*Data shown*:

<<<<

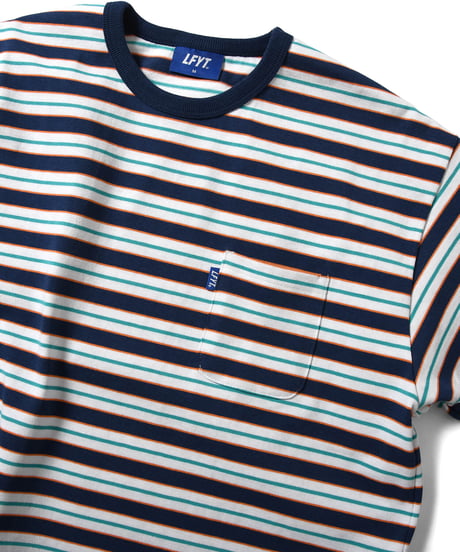 LFYT エルエフワイティー MULTI STRIPED POCKET TEE 半袖 Tシャツ WHITE ホワイト Size XXL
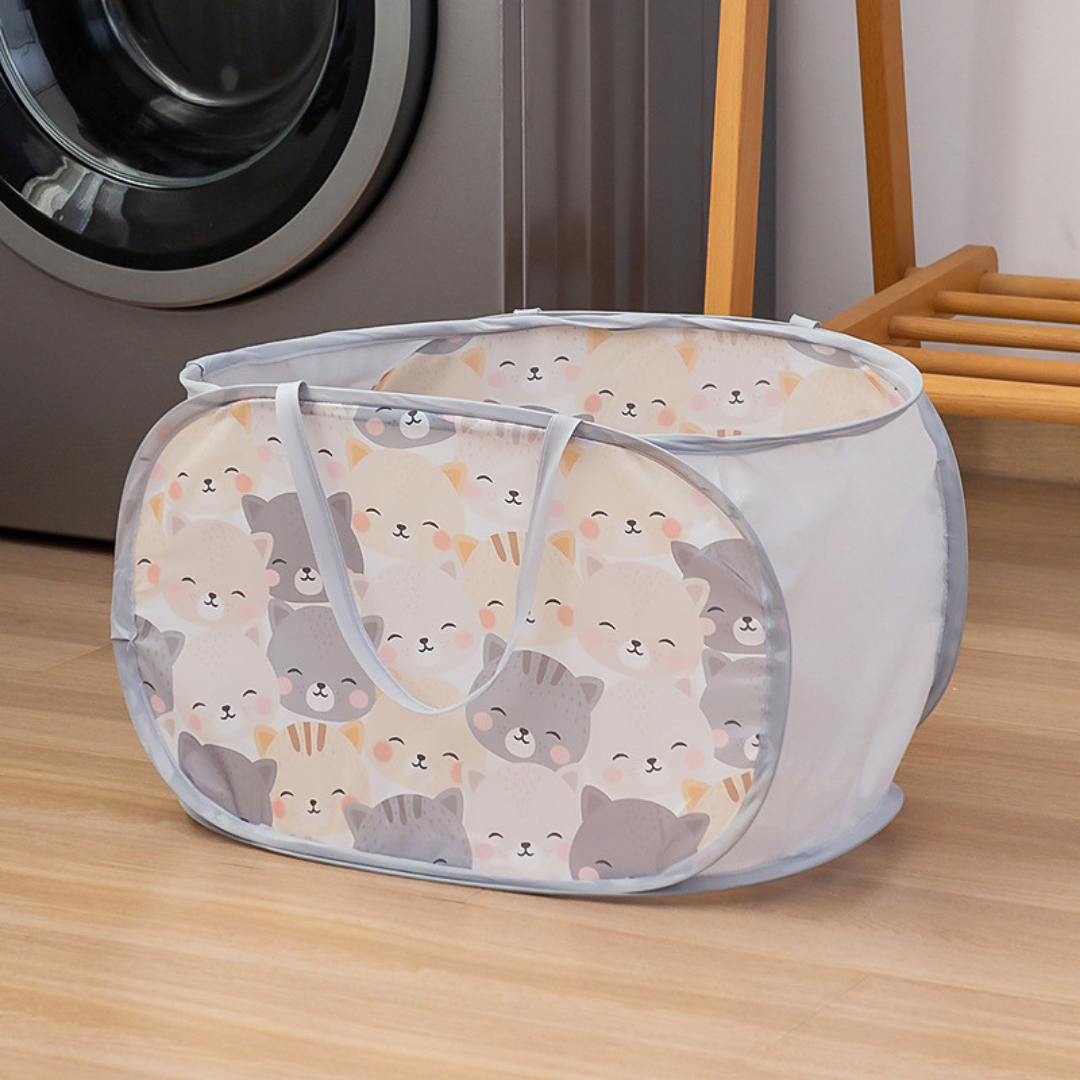 Foldable Laundry & Toy Storage Basket Set
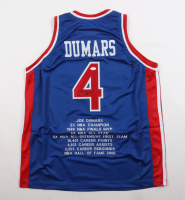 Joe Dumars Signed Career Highlight Stat Jersey (JSA) at PristineAuction.com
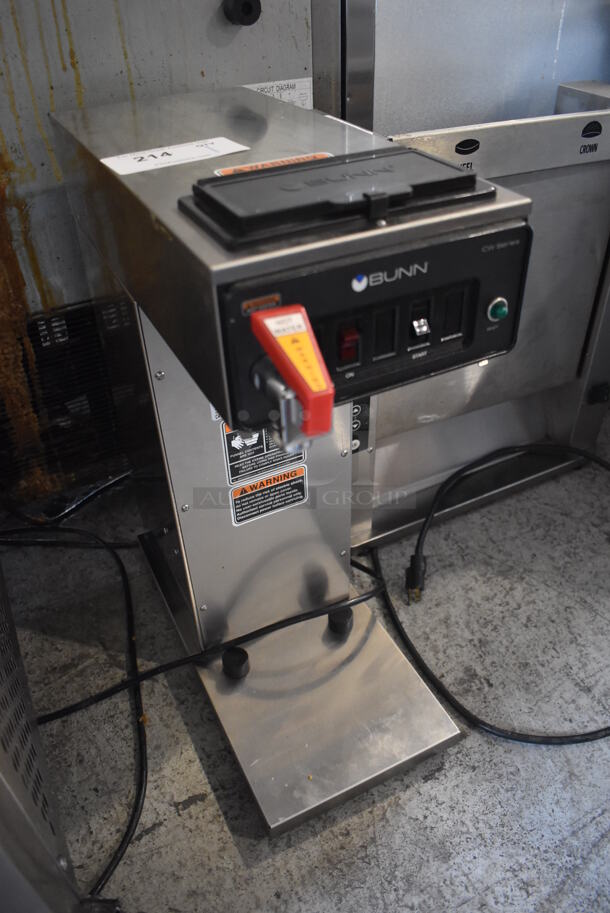2020 Bunn CWTF15-APS Stainless Steel Commercial Countertop Coffee Machine w/ Hot Water Dispenser. 120 Volts, 1 Phase. 8x20x27 - Image 3 of 4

>>>>

*The task*:
Only the lines from the one containing "Joe Dumars Signed" through the final line of the data are to be written out, exactly as they stand and without pictures.

*Response for this exercise*:
 Joe Dumars Signed Career Highlight Stat Jersey (JSA) at PristineAuction.com
2020 Bunn CWTF15-APS Stainless Steel Commercial Countertop Coffee Machine w/ Hot Water Dispenser. 120 Volts, 1 Phase. 8x20x27 - Image 3 of 4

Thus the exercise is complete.